REQUIRED ACTION: The records below need to come back exactly as they are, pictures omitted.

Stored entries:
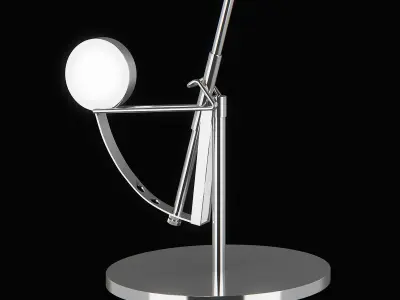 76490x Manti Lightstar Table lamp 3D model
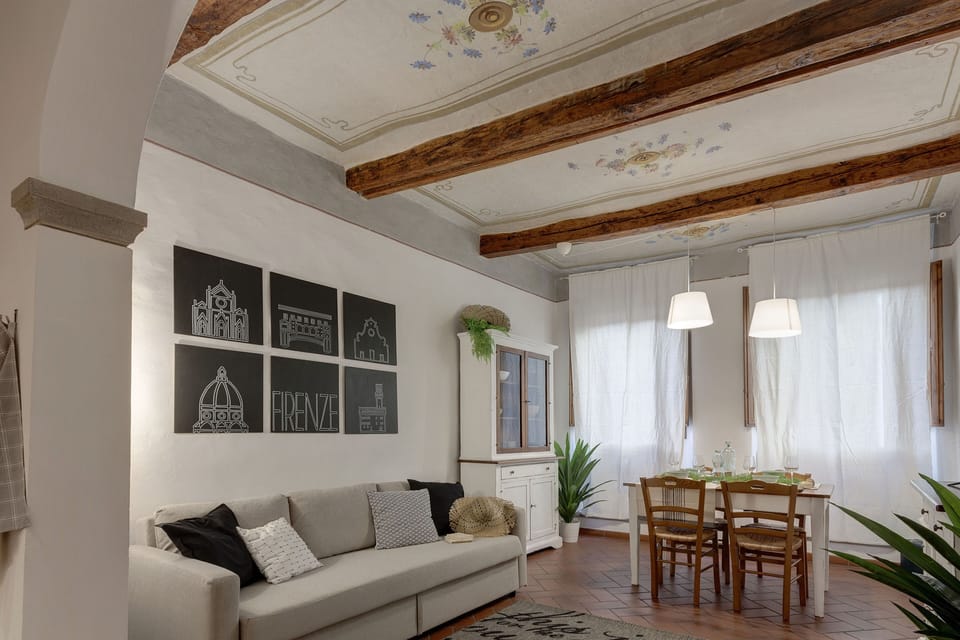 Apartment, 1 Bedroom | Living area | LCD TV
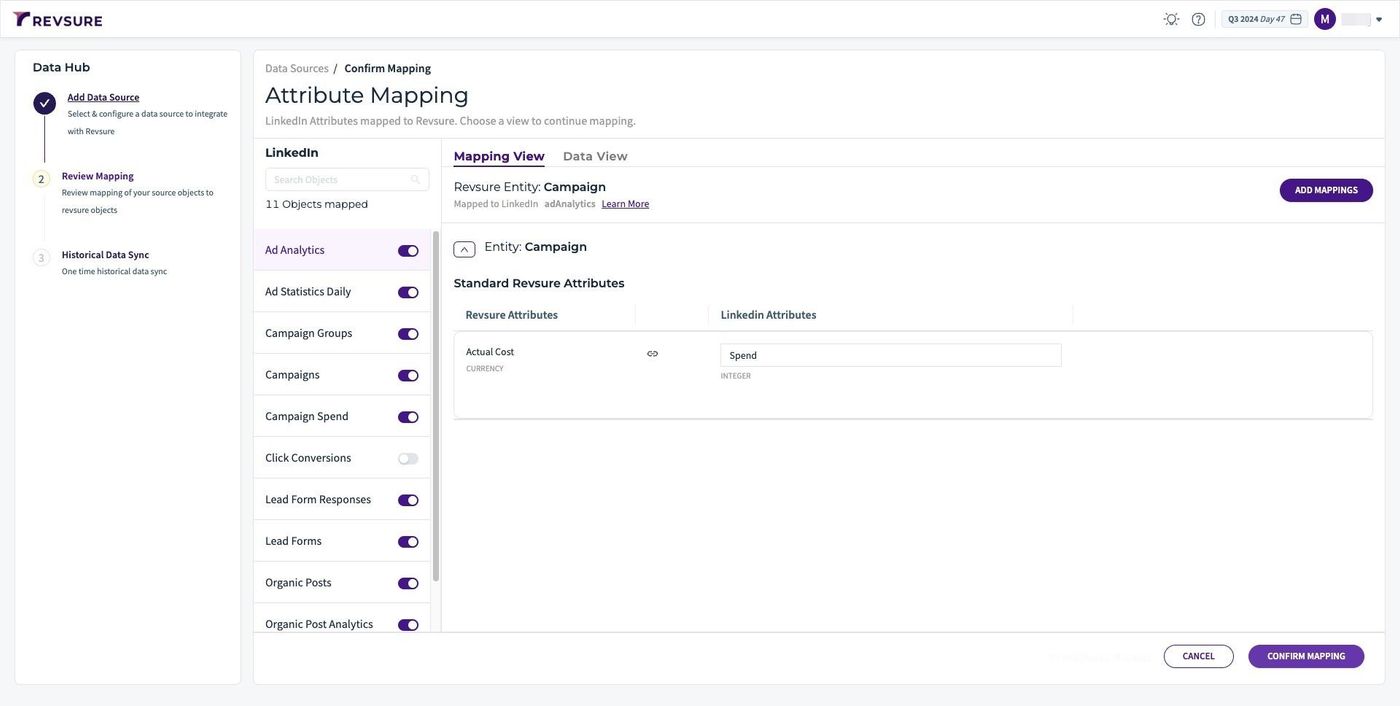 RevSure Linkedin Integration Implementation Guide (figure 8)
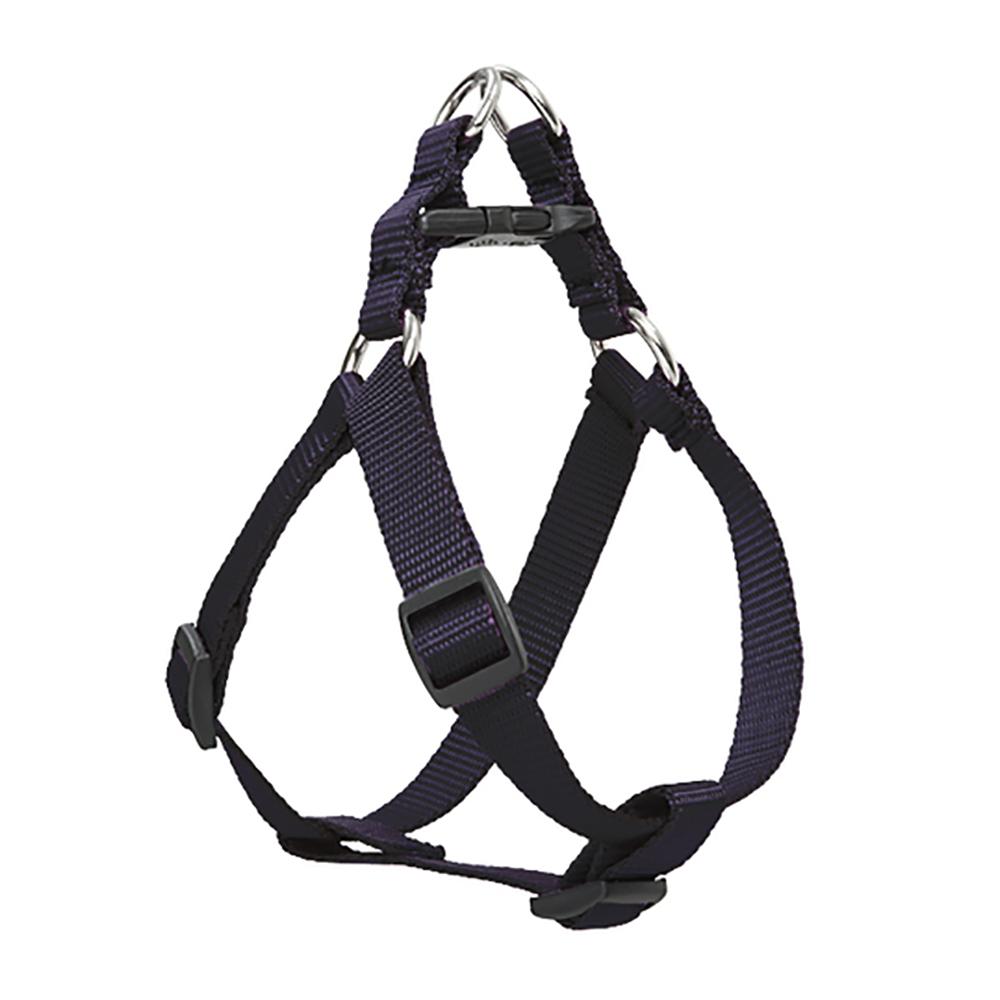 Lupine Nylon Dog Harness Step In Black 20-30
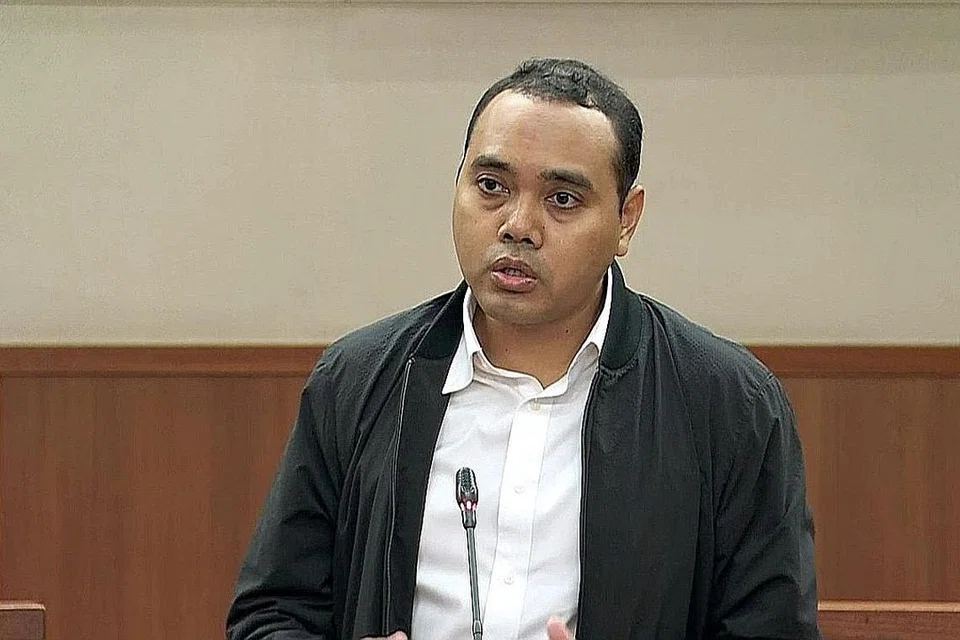 AP GRC Choa Chu Kang, Encik Zhulkarnain Abdul Rahim.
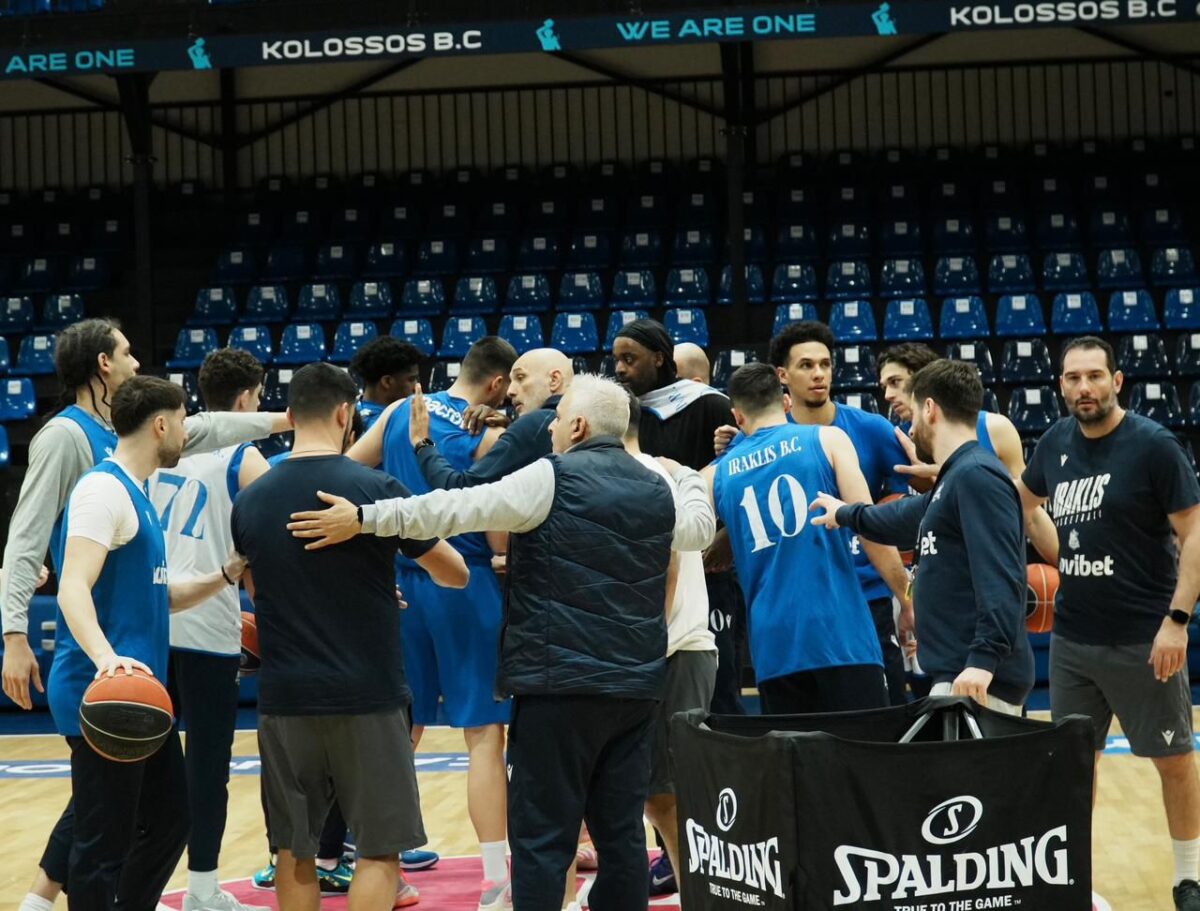 Αποστολή στη Ρόδο για τον Ηρακλή χωρίς απουσίες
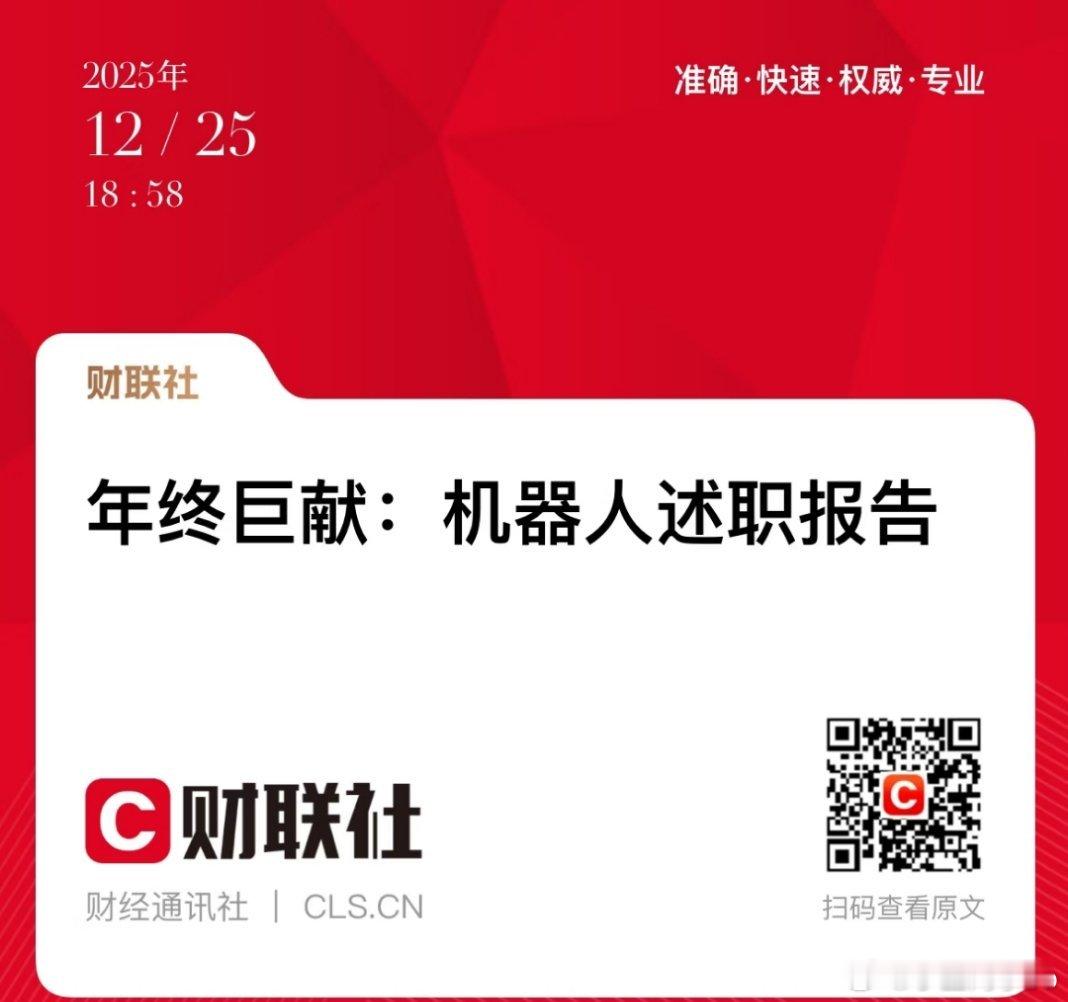 2025年人形机器人述职报告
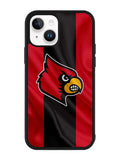 louisville cardinals team iPhone 14 Case QC10260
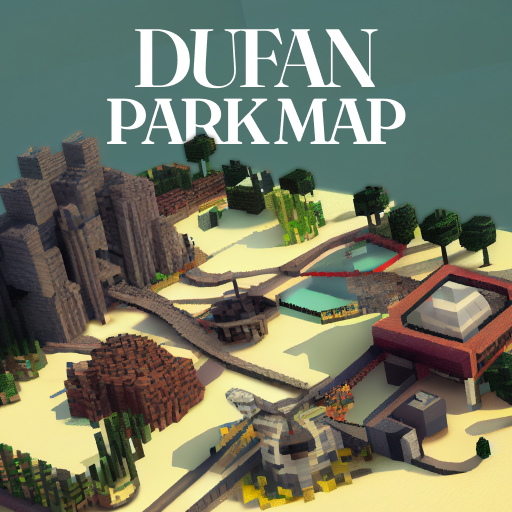 Dufan Park Map for Minecraft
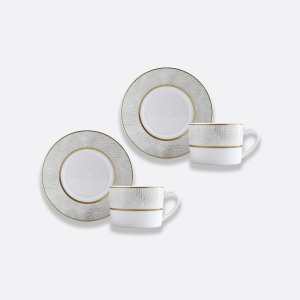 Sauvage Or Tea Cup And Saucer 茶杯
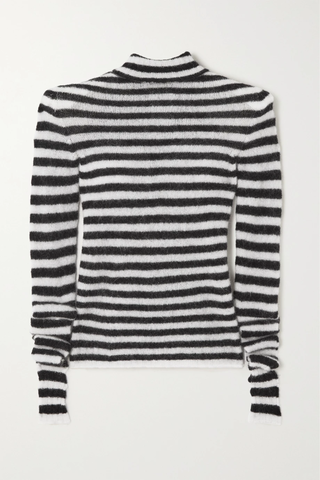 유럽직배송 필라소피디로렌조세라피니 스웨터 PHILOSOPHY DI LORENZO SERAFINI Striped knitted turtleneck sweater 46376663162821324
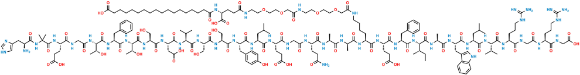 Picture of D-Ala-19-Semaglutide  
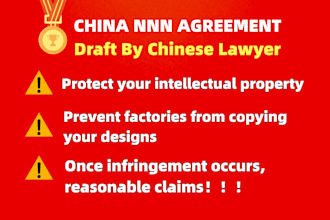 draft china nnn agreement for you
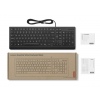 Lenovo Essential Wired Keyboard (Black) - Slovak 245/PS/2/SK/Černá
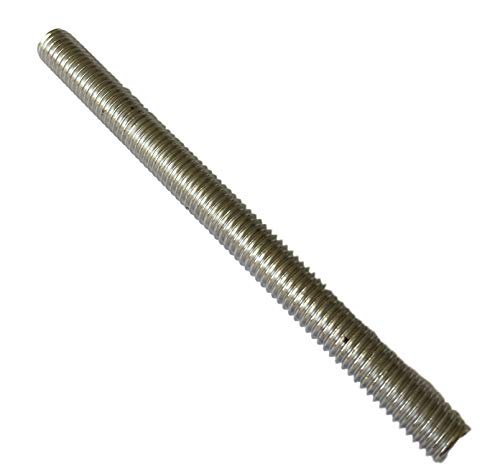 Varilla roscada de acero inoxidable, M8 x 100 mm, pernos roscados V4A Varilla roscada de acero inoxidable, M8 x 100 mm, pernos roscados V4A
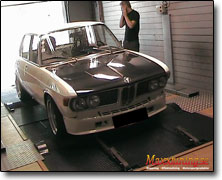 Effektmätning (2769cc) Orginal ECU, , Bensin 95/98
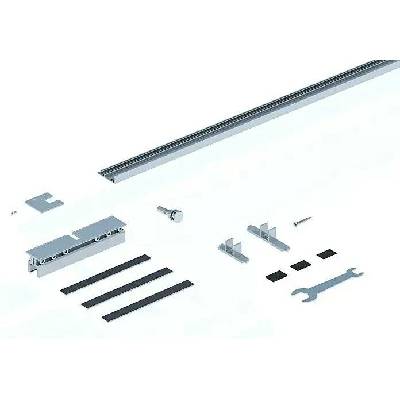 Systém posuvných dveří Knauf Pocket Kit / upínací čelisti / nosnost 80 kg / ocel
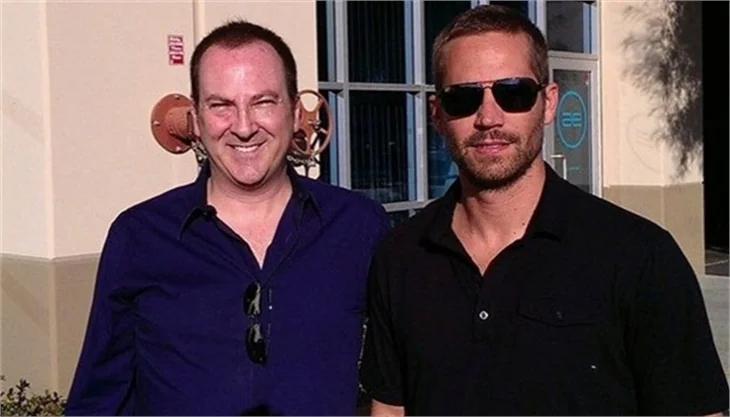 Paul Walker'ın ölmeden önce ki son pozu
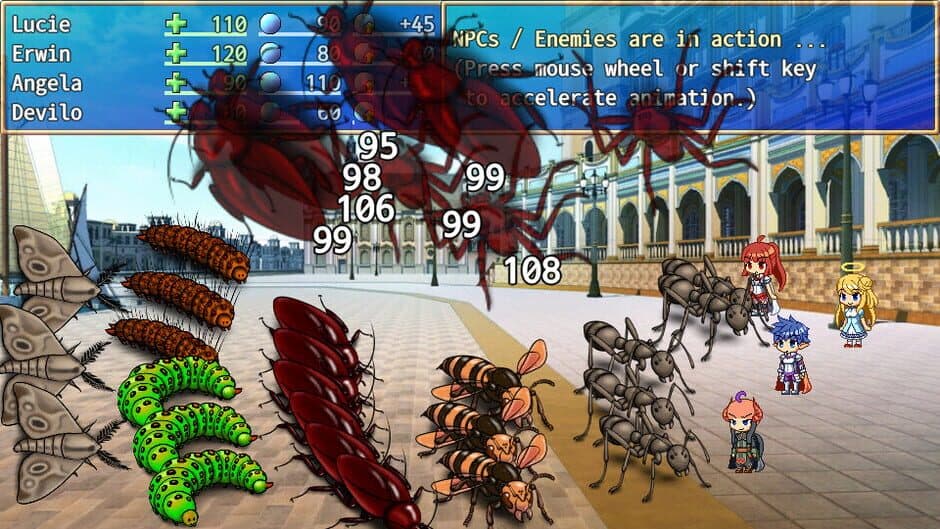 Скриншот 3 из Underground Defense Force: Sword and Sorcery and Swarm of Insects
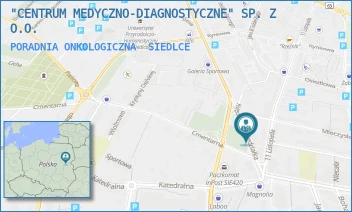 PORADNIA ONKOLOGICZNA - "CENTRUM MEDYCZNO-DIAGNOSTYCZNE" SP. Z O.O. - KSIĘDZA JANA NIEDZIAŁKA 14,  SIEDLCE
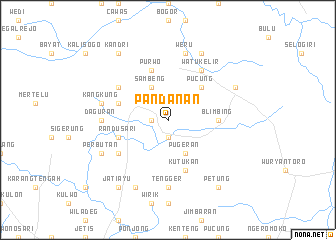 map of Pandanan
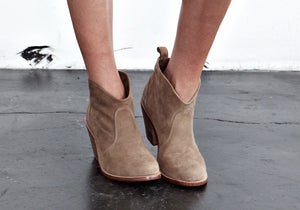 Image of THE ROAD boots (vintage suede)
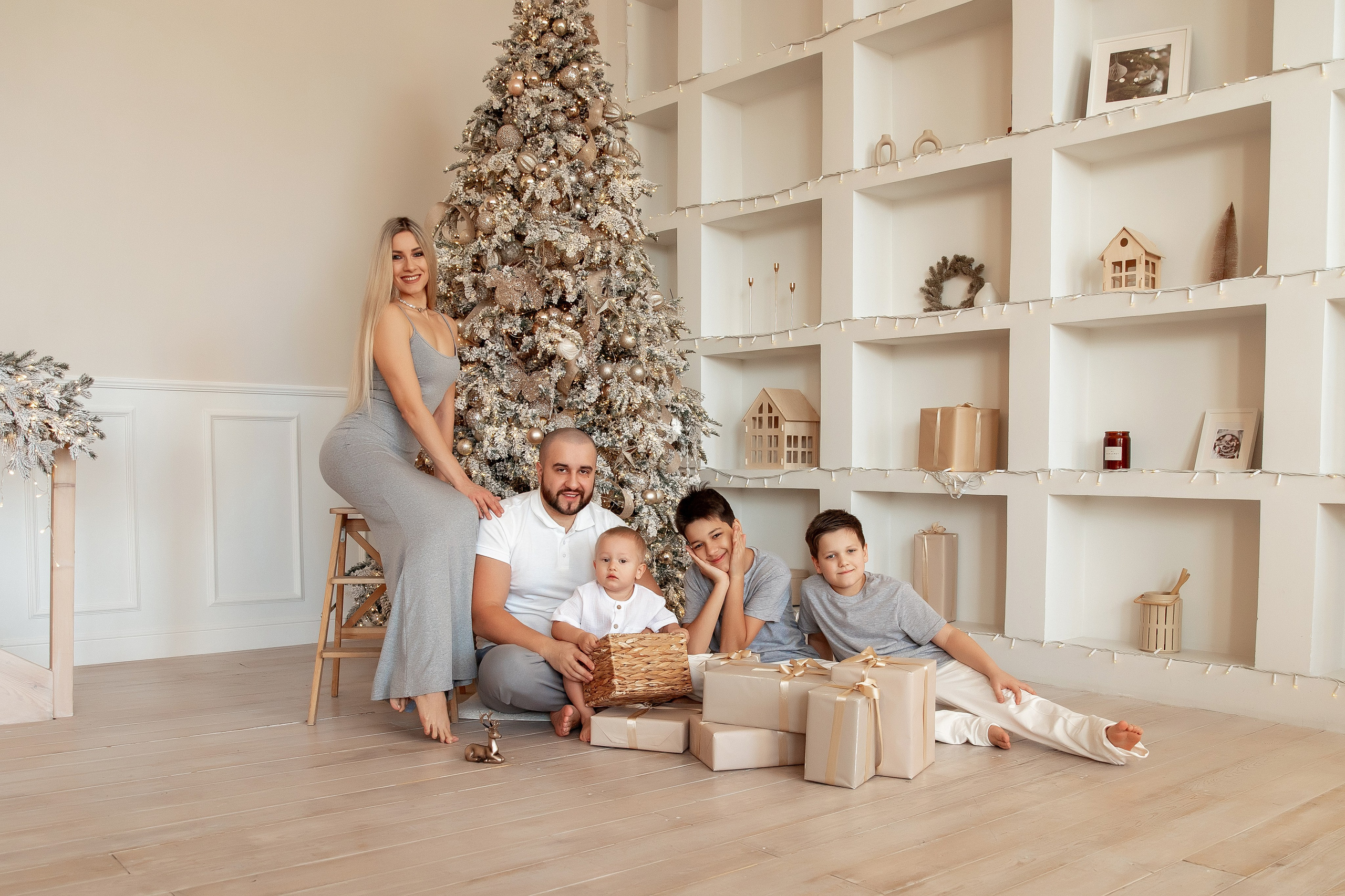 Светлая семейная серия. Детский и семейный фотограф в Красноярске Юлия Бирюкова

ANSWER SPACE:
 76490x Manti Lightstar Table lamp 3D model
 Apartment, 1 Bedroom | Living area | LCD TV
 RevSure Linkedin Integration Implementation Guide (figure 8)
 Lupine Nylon Dog Harness Step In Black 20-30
 AP GRC Choa Chu Kang, Encik Zhulkarnain Abdul Rahim.
 Αποστολή στη Ρόδο για τον Ηρακλή χωρίς απουσίες
 2025年人形机器人述职报告
 louisville cardinals team iPhone 14 Case QC10260
 Dufan Park Map for Minecraft
 Sauvage Or Tea Cup And Saucer 茶杯
 유럽직배송 필라소피디로렌조세라피니 스웨터 PHILOSOPHY DI LORENZO SERAFINI Striped knitted turtleneck sweater 46376663162821324
 Picture of D-Ala-19-Semaglutide  
 draft china nnn agreement for you
 Lenovo Essential Wired Keyboard (Black) - Slovak 245/PS/2/SK/Černá
 Varilla roscada de acero inoxidable, M8 x 100 mm, pernos roscados V4A Varilla roscada de acero inoxidable, M8 x 100 mm, pernos roscados V4A
 Effektmätning (2769cc) Orginal ECU, , Bensin 95/98
 Systém posuvných dveří Knauf Pocket Kit / upínací čelisti / nosnost 80 kg / ocel
 Paul Walker'ın ölmeden önce ki son pozu
 Скриншот 3 из Underground Defense Force: Sword and Sorcery and Swarm of Insects
 PORADNIA ONKOLOGICZNA - "CENTRUM MEDYCZNO-DIAGNOSTYCZNE" SP. Z O.O. - KSIĘDZA JANA NIEDZIAŁKA 14,  SIEDLCE
 map of Pandanan
 Image of THE ROAD boots (vintage suede)
 Светлая семейная серия. Детский и семейный фотограф в Красноярске Юлия Бирюкова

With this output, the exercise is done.